Mais si un tel processus commence avant tout en France, avec des entreprises françaises et des intérêts économiques français, il ne peut être, à terme, qu’européen. Notamment lorsqu’il s’agira de créer des champions du numérique et de la cybersécurité capables d’assurer un niveau acceptable d’indépendance technologique face aux géants américains ou asiatiques.

Deuxième étage, donc : selon la ministre, l’Europe est « la bonne échelle, pour autant qu’elle s’engage dans la construction d’une véritable stratégie numérique, ce qui n’a pas été le cas jusqu’ici » . Et Fleur Pellerin de citer l’exemple des télécommunications, un secteur dans lequel l’Europe était en tête il y en encore 15 ans avec 6 constructeurs de terminaux de télécommunication en 2000, totalisant 55% du marché des mobiles, contre… plus rien aujourd’hui !

Pour le gouvernement, il est donc urgent que l’Europe se mobilise en matière de numérique en général et de cybersécurité en particulier.
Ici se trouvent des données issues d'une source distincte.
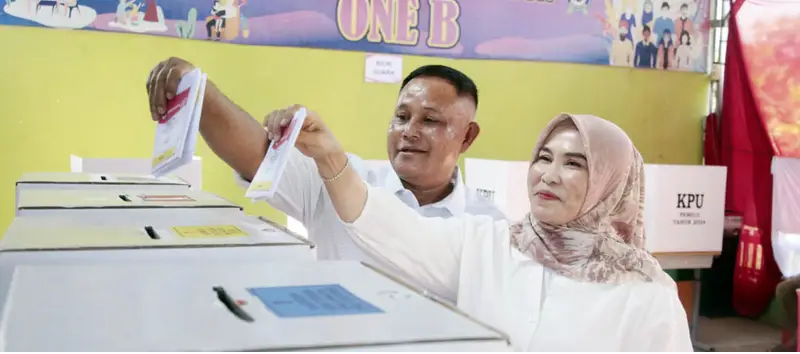 Pesan Jangan Golput, Nanang Ermanto dan Istri Nyoblos di TPS 001 Desa Way Galih 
Et mentionnant les interceptions menées par la NSA, qu’elle juge facilitées par notre faiblesse numérique, la ministre de conclure « c’est sur la base de cette analyse que la France a fait des propositions ambitieuses dans le cadre du Conseil européen sur le numérique et l’innovation » (qui se tient à Bruxelles les 24 et 25 octobre). Un conseil exceptionnel que notre confrère Capital.fr n’hésite pas à présenter comme étant consacré à « l’espionnite ».